2018 Summer Recipe Contest Voting and Round Two Entries

Sep 10, 2018Posted by Forno Bravo

The submission period of our 2018 Summer Recipe Contest has officially ended and it’s time to test some recipes and cast your vote. We are thrilled with all of the recipes that came in! They run the gamut from main dishes and appetizers to bread and dessert. There are samples of cuisine and ingredients from many places – North America, South America, Europe, Africa, and the Middle East. Wood Fired cooking spans the centuries and the globe; our 2018 contest entries do as well!

We hope you have tried some of last month’s entries and we can’t wait for you to check out the remaining dishes that are listed below.

Voting

All votes are due by Wednesday, October 3rd, 2018. We ask that you submit only one ballot per person to keep the playing field level. (Invite your friends and family to vote too. Let’s get the word out!) Help the winner take home a beautiful glazed Spanish terracotta pot and lid ($50 value,) while you enjoy the fruits of their recipe.
Vote Now
(The form only takes about 10 seconds to complete! Vote now!)

Round Two Entries to Try

We had 5 top-notch recipes come in for Round Two for you to try (in addition to the 3 excellent recipes from Round One.) Scroll down to find the new entries:

Fire Roasted Spanish Figs – Submitted by John O’Neil: A delightful appetizer that uses sauteed Texas Blue Giant Figs and several kinds of Spanish cheese that are melted in the wood fired oven for a delicious, complex flavor profile. Try Recipe >>

Fire Roasted Figs and Spanish Cheese in fluted square plates

Plated Fire Roasted Figs with four kinds of Spanish cheeses and several other flavor accents

Maple Dry-Rub Brisket Tortillas – Submitted by Karsten Nordenhof: A recipe for beef brisket that is dry-rubbed with several spices and draped with maple bacon, then slow cooked in the wood fired oven for several hours. It emerges moist and tender to be sliced or shredded and served in tortillas with the toppings of your choice. Try Recipe >>

Beef brisket with strips of bacon

Bacon Wrapped Brisket ready to be sliced or shredded to serve with tortillas and mexican toppings

Date-Stuffed Peppadew® Peppers – Submitted by John O’Neil: A spicy, bite-sized pepper filled soft cheese and dates, wrapped in sliced ham, then basted and baked in a hot wood fired oven. This original appetizer hits all of the notes!  Try Recipe >>

Row of ham-wrapped baked peppers in white serving spoons

Creative plating idea for Ham-Wrapped, Date-Stuffed Peppadew® Peppers

Eid Bread (aka Wooden Mold Bread) – Submitted by Ahmad Zeabi: A special holiday bread from Syria that is flavored with roasted, nutty seeds and rich olive oil, accented with patterns from a wooden mold, and then topped with anything from yogurt to meats to jam!  Try Recipe >>

Eid Bread surrounded by bowls of toppings

A sample of traditional toppings for Eid Bread, but this is just a start of your options!

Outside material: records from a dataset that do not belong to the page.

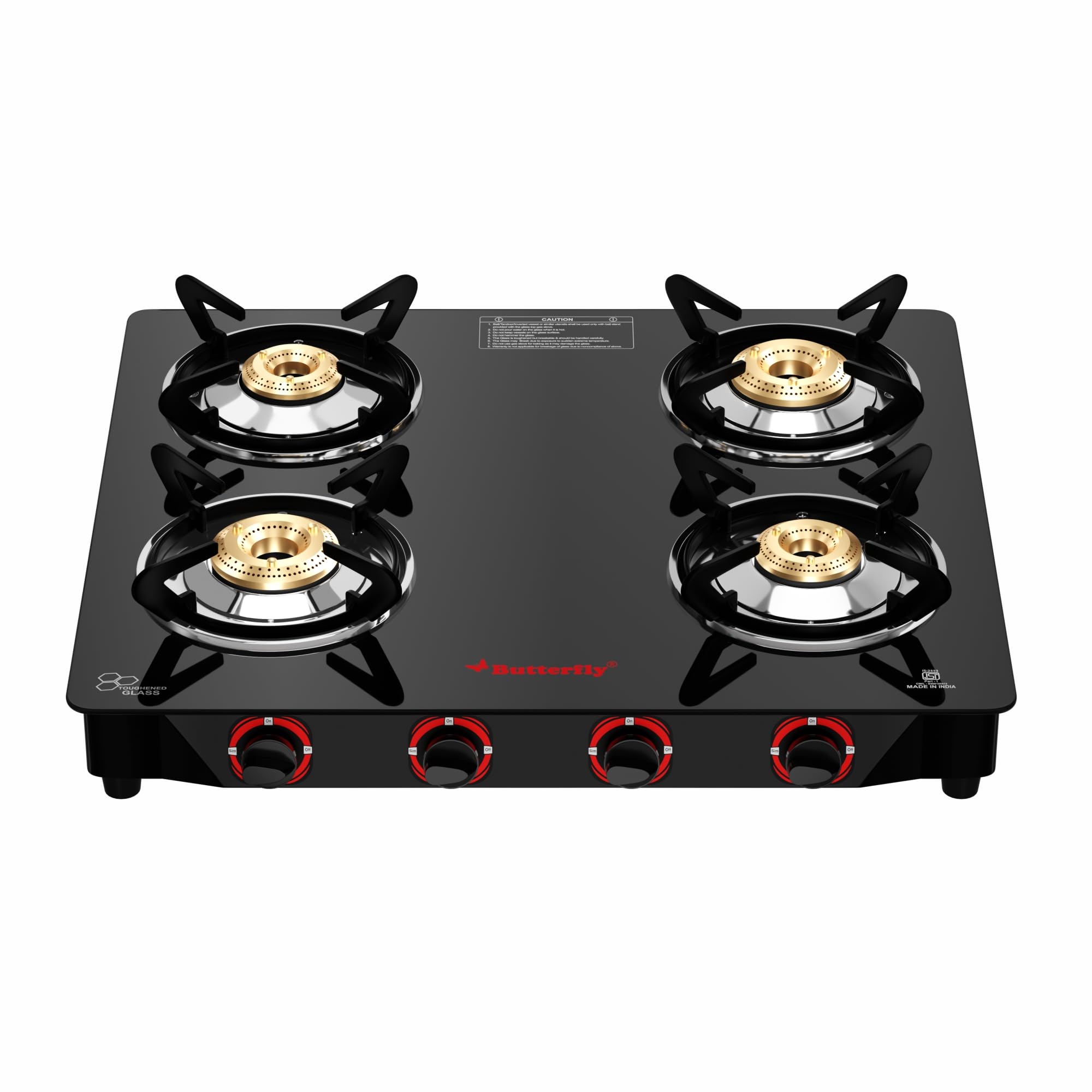 Butterfly Smart 4 Burner Glass Top Gas Stove | Manual Ignition | Scratch Resistant Toughened Glass | Brass Burners | Skid-proof Legs | 1 Year Manufacturer's Warranty | Black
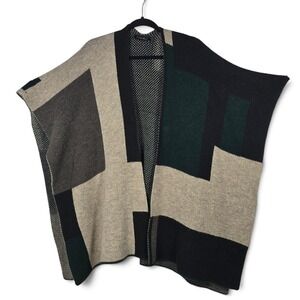 Kosmika Poncho Wrap Women OS Colorblock Knit Green Black Wool Alpaca Blend Italy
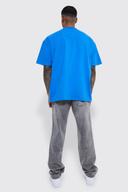 Mens Cobalt Oversized Heavyweight Extended Neck T-Shirt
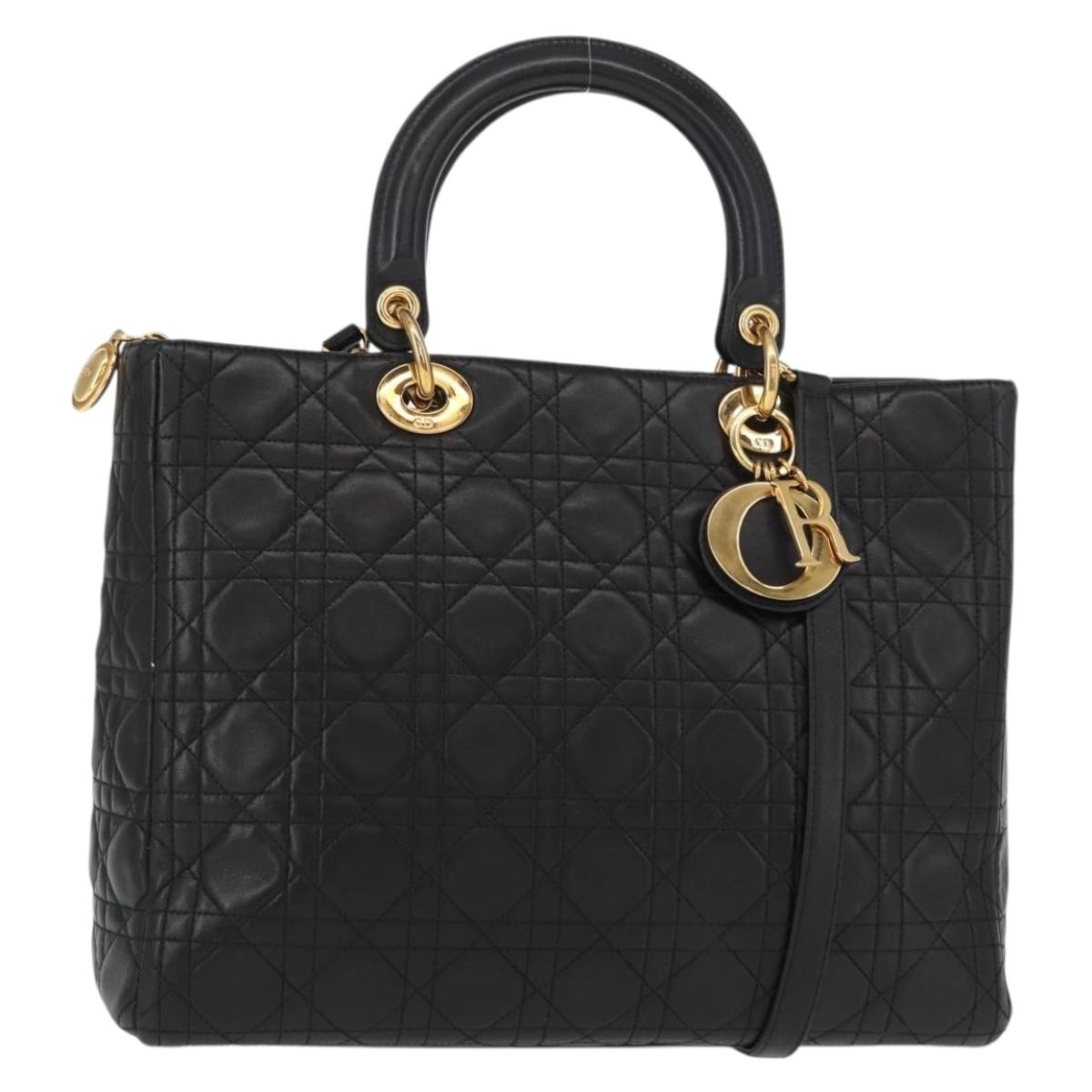 Christian Dior Canage Hand Bag Lamb Skin 2way Black Gold Auth ka155V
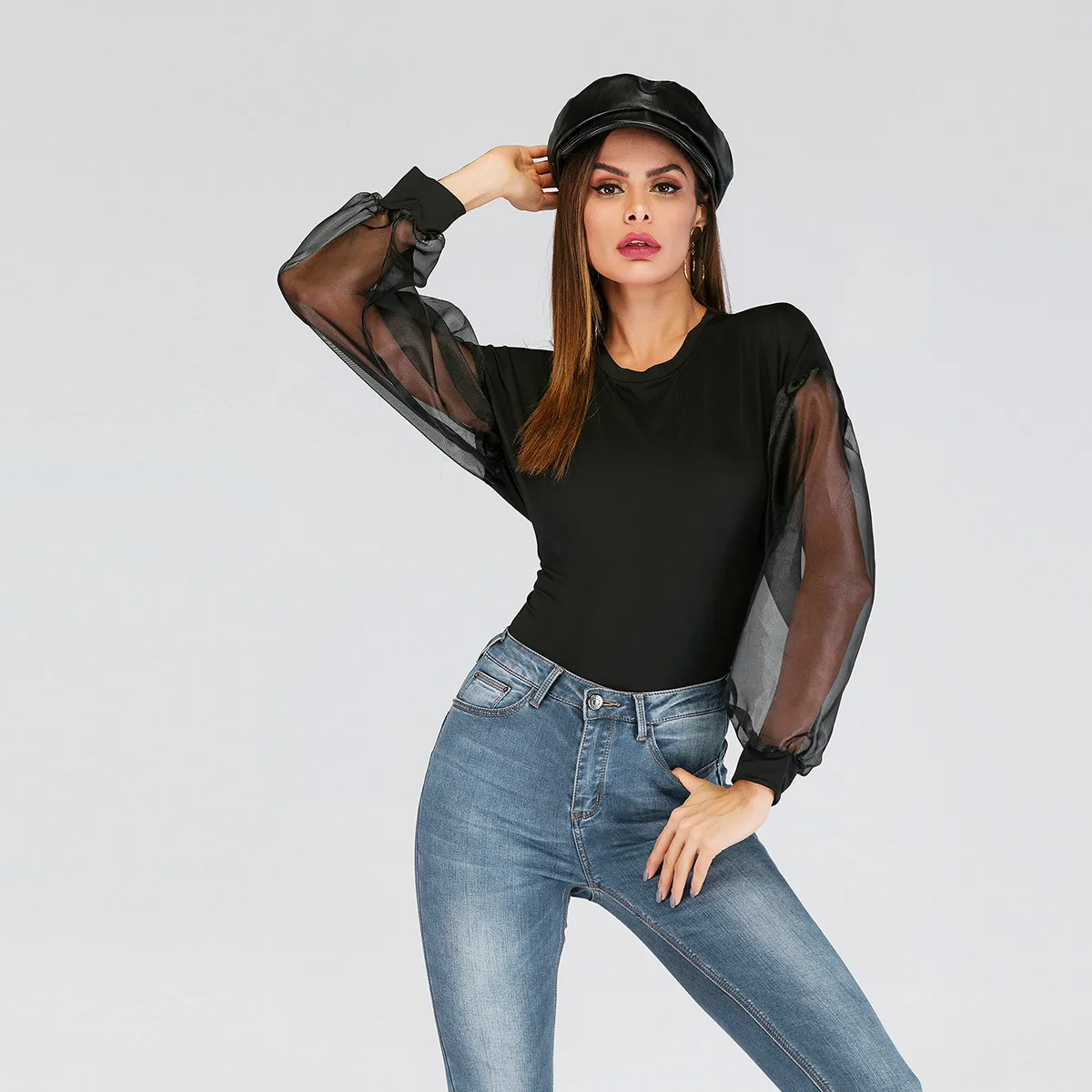Europe and the United States foreign trade spring new stitching net yarn jumpsuits
Europe and the United States foreign trade spring new stitching net yarn jumpsuits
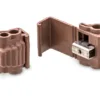 Brown electrical connector plug components separated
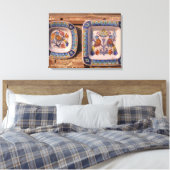 Dove Muster auf der traditionellen Posterplakette Leinwanddruck (Insitu (Schlafzimmer))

Wood-Fired Peach Caprese Salad – Submitted by John O’Neil: If you like grilled peaches or caprese salad, you will love this fresh summer take on a traditional Italian appetizer. Marinated mozzarella pearls, fresh basil,  Peruvian sweet peppers, and perfect peaches… Oh my! Try Recipe >>

Wood Fired Peach Caprese Salad in white square bowls

A fun summer salad that’s a twist on a classic — full of bite-sized goodness

 

Remember — Voting for your favorite recipe is now open! It only takes a few seconds. 

Vote Now Below!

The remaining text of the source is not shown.